Aleviten sind die „liberalen“ Muslime. Seit Generationen mussten sie unter Repressalien leiden und verabscheuen Gewalt und Unterdrü-ckung auch Andersgläubiger. Aleviten brauchen keine Moschee, kein fünfmal tägliches Gebet und fasten nicht im Ramadan. Sie treffen sich manchmal in ihren eigenen Versammlungshäusern und versuchen, durch mündliche Tradition, Gedichte und mystische Tänze ihren Glauben zu bewahren und weiter zu entwicklen. Seit dem 13. Jahrhundert hat sich der Alevismus ganz unterschiedlich ausgeprägt. So enstand bei manchen Alevitengruppen die Lehre, dass Allah eins ist mit Mohammed und Ali, eine Art Trinität. Dabei ist das alevitische Gottesverständnis sehr flexibel. So lehren manche, dass alle Menschen bereits ein Teil von Gott sind, ja Gott selbst seien, ein anderer Teil spricht von der unpersönlichen Kraft, die Gott ausmachen soll. Auch hinduistische Elemente wie die Wiedergeburt können Glaubensinhalt sein, z.B. als Käfer, wenn ein Mensch sich falsch verhalten hat und degradiert wird. Alle Nationen der Menschheit werden als gleichwertig angesehen und deshalb geht es laut Alevismus darum, mit jedem Menschen friedlich und harmonisch zusammenzuleben. Im Gegensatz zu sunnitischen Muslimen fürchten Aleviten Gott nicht, sondern wollen ihn und die Menschen lieben.

 

Zur Zeit ist zu beobachten, dass alevitische Denker in Deutschland versuchen, einen Minimal-Alevismus als Lehre schriftlich zu fixieren, um diesen auch im alevitischen Religionsunterricht, der z. B. bereits in Berlin und Baden-Württemberg mancherorts vorhanden ist, alevitischen Kindern nahe zu bringen.
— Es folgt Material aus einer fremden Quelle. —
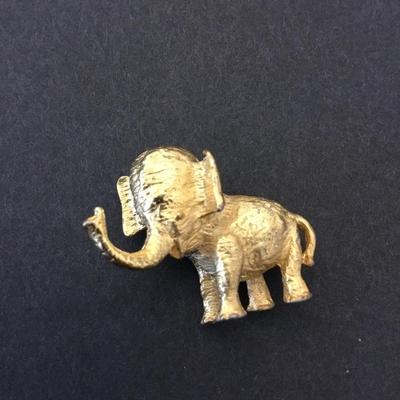 Cute vintage gold tone elephant pin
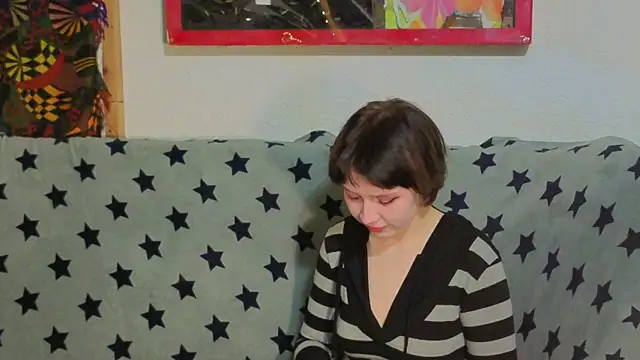 ReincarnatedAngel online show from 10-29-25, 04:42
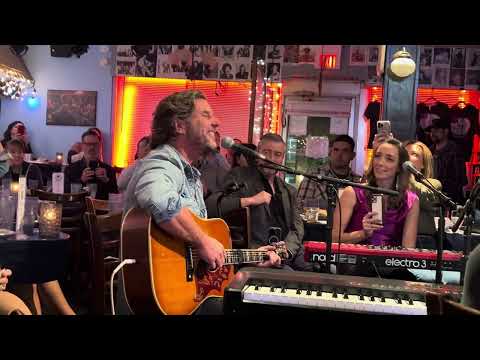 Brett James - “Jesus Take the Wheel” The Bluebird Cafe Nashville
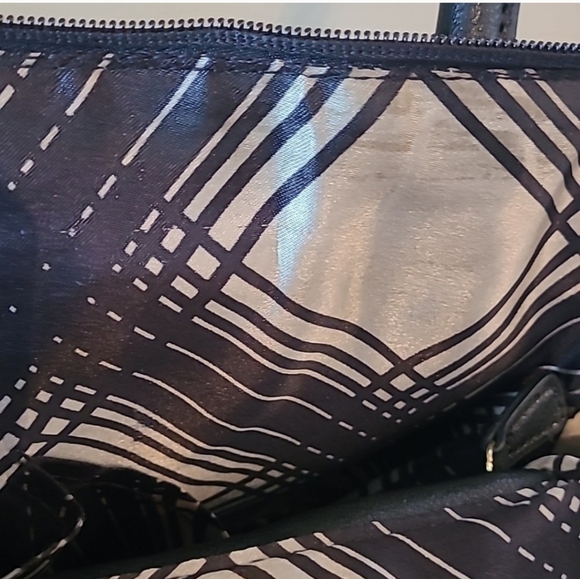 London Fog Black Woven Shoulder Bag - Picture 8 of 8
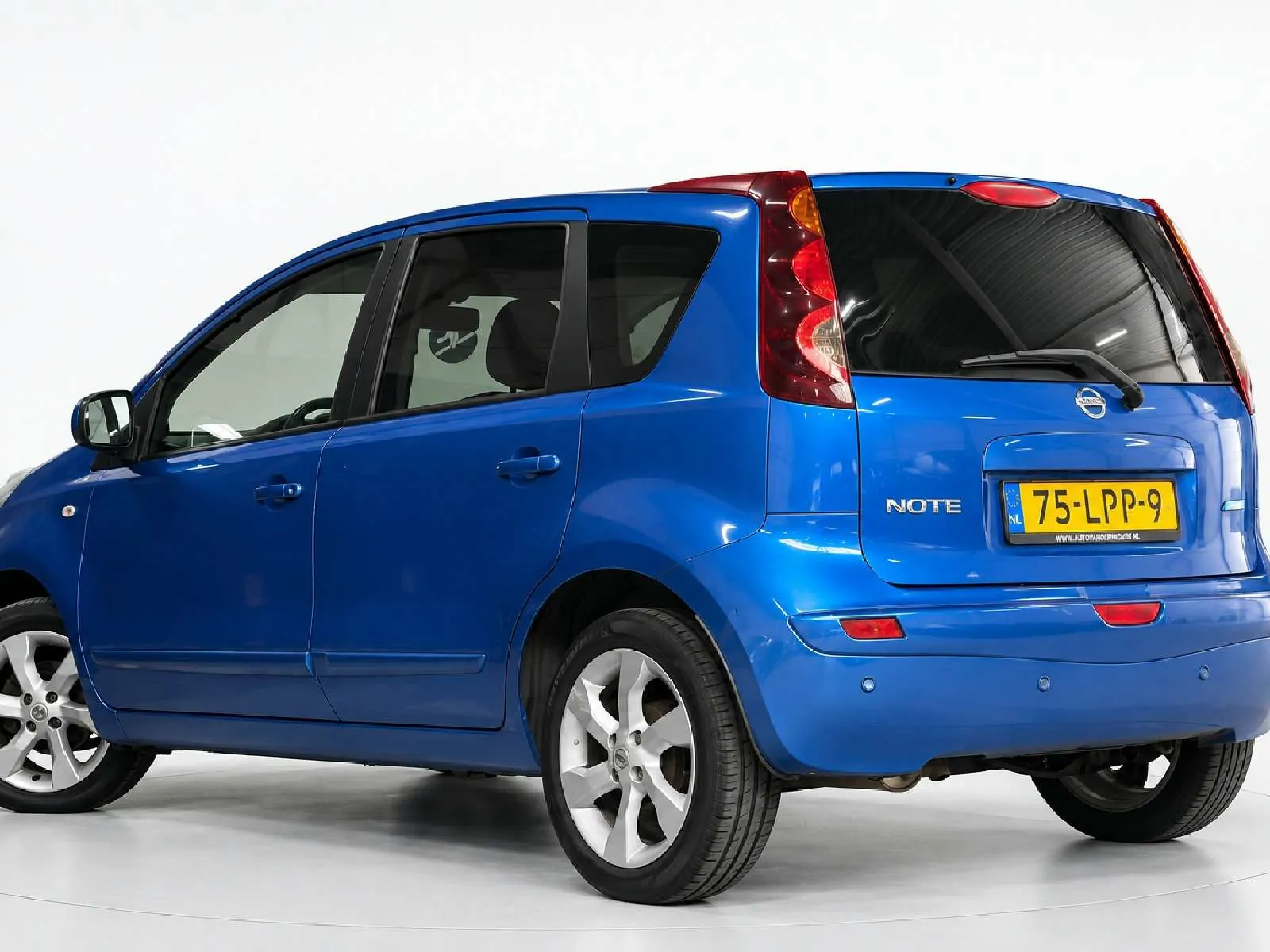 Nissan Note 2010 photo 3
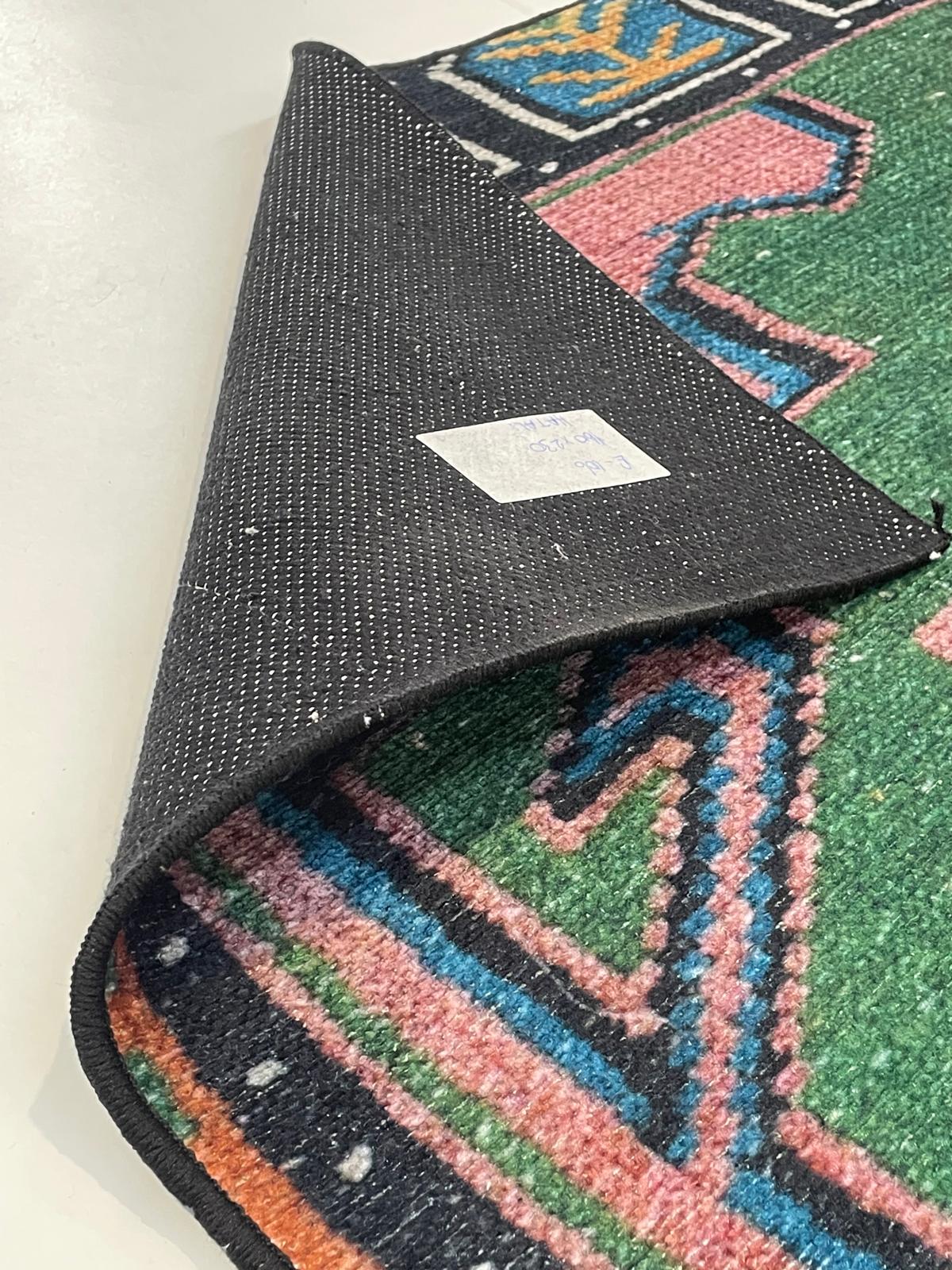 WhatsApp Görsel 2025-10-04 saat 16.49.20_4d67b9df Defolu şönil kilim - 160X230cm E106H - Görsel 3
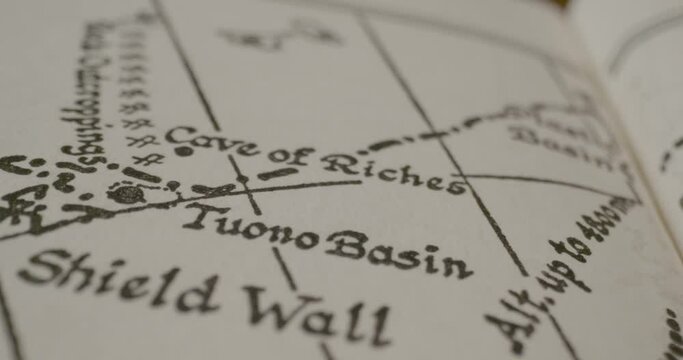 1965 Novel Macro Map Pan Left To Sietch Tabr and Shield Wall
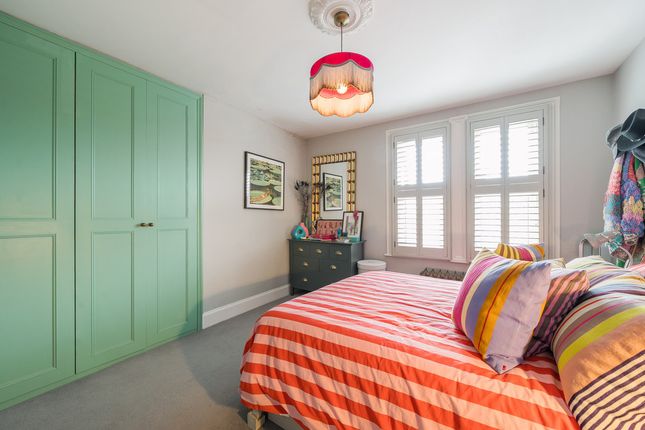 11a, Radcliffe Avenue, London photo 4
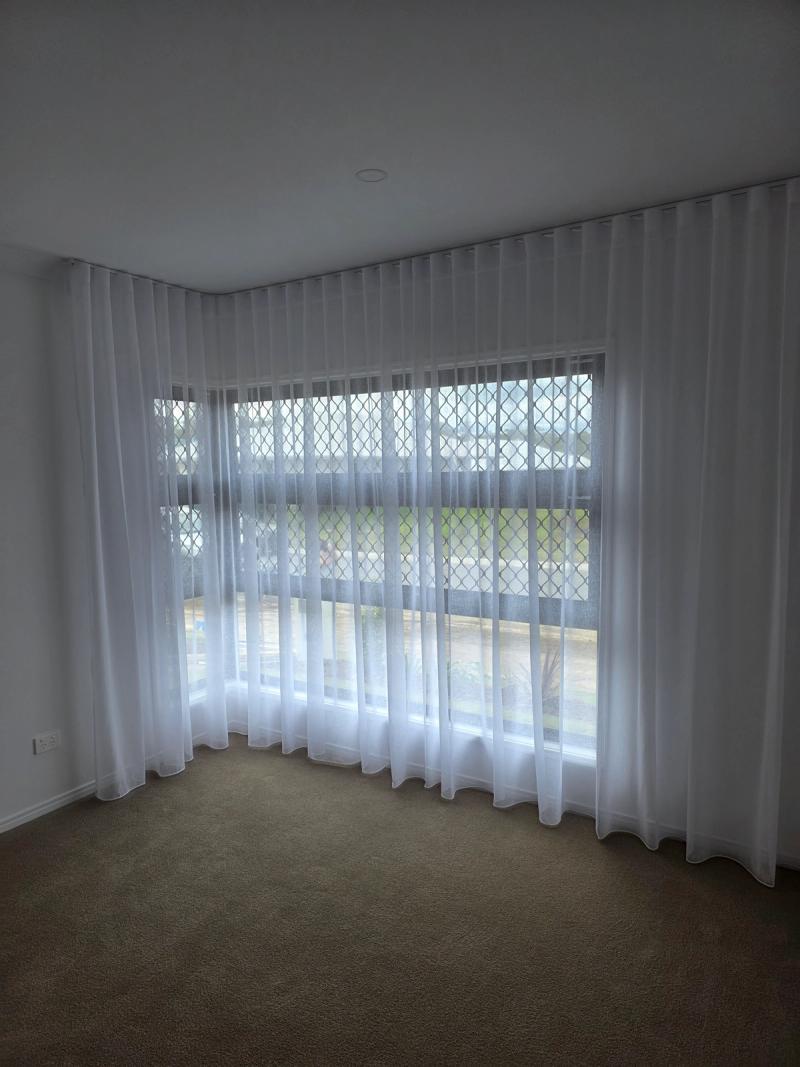 Curtain fabric installation Sheer wave fold on curved track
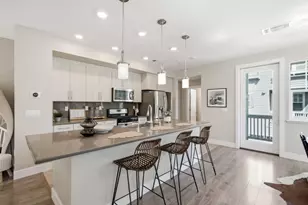 350 Circuit Wy, Mountain View, CA 94043 - Photo 14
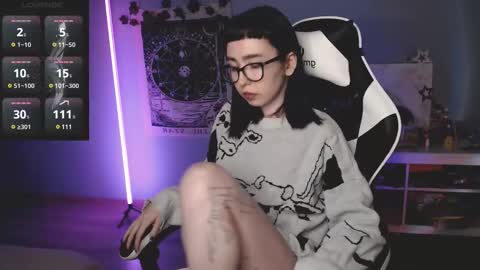 Snapshot of julscinamon chatting on 03.05.25 Baroness Von Cringe online show from 03.05.25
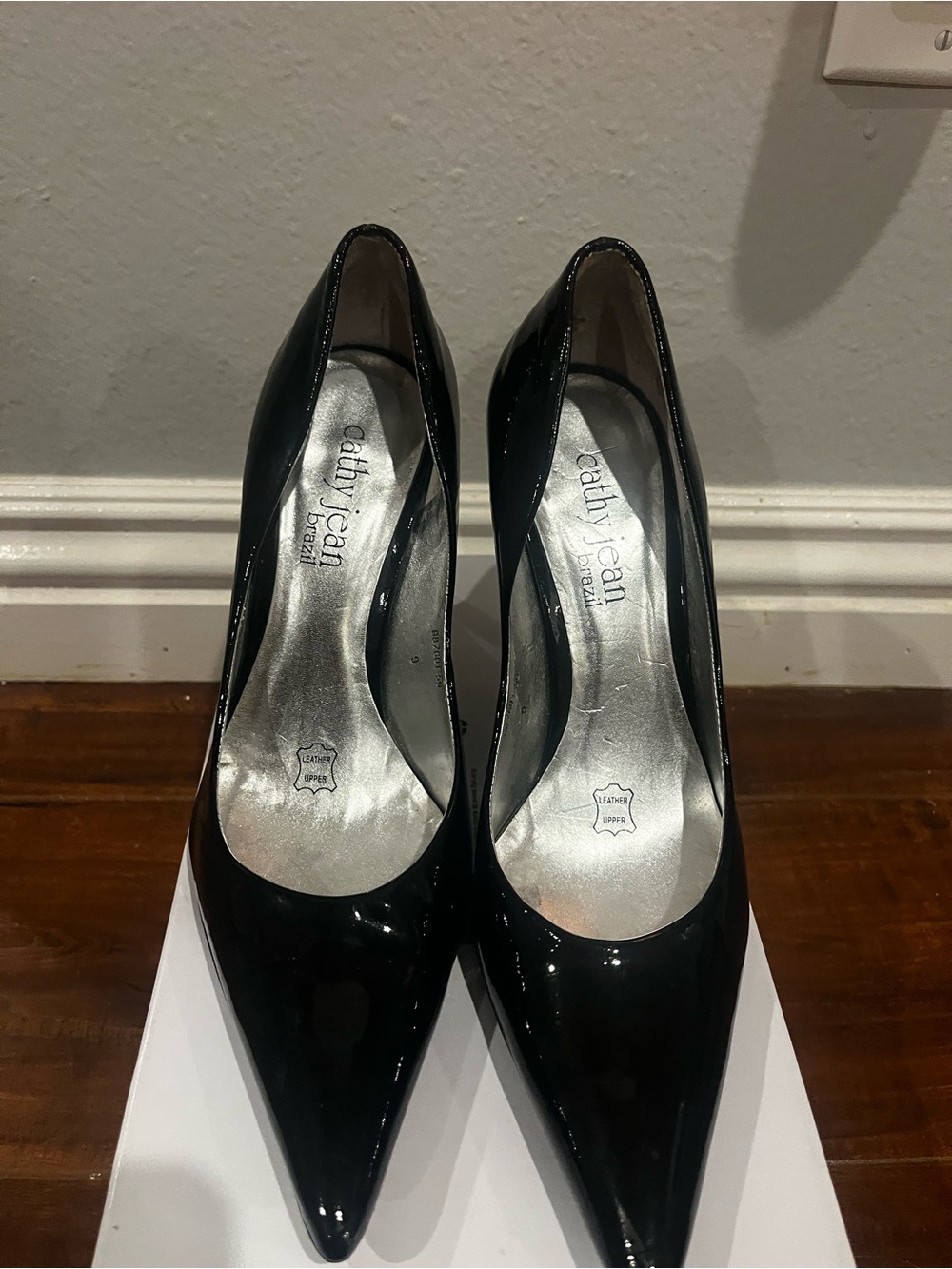 Cathy Jean Black Patent Pointed Pumps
Dabei erweist sich der Alevismus als flexibler Islam, der sich völlig an die demokratisch-freiheitliche westliche Kultur mit ihrem Toleranzverständnis anpassen kann. Ja, in manchen Veröffentlichungen und Vorträgen gibt er sich sogar als der Heilsbringer, der die Versöhnung des Westens mit dem Islam fordert. Der Alevismus betont die Glaubensfreiheit des Einzelnen. Diese Freiheit findet aber oftmals ein jähes Ende, wenn Aleviten merken, dass Christen sie trotz ihrem Bekenntnis zur Glaubensfreiheit zum rettenden Glauben an den einzigen Erlöser Jesus Christus einladen. Dieser Absolutheitsanspruch der Christen widerspricht ihrem allumfassenden Toleranzdenken, das im Zentrum des alevitischen Glaubens alles bestimmt. Obwohl der Alevismus selbst bisher keine aktive Missionsarbeit betreibt, will er doch allen Menschen die beste aller Religionen anbieten. Mischehen mit Christen werden aber im allgemeinen geduldet. Es bleibt abzuwarten, wie er sich weiterentwickeln wird.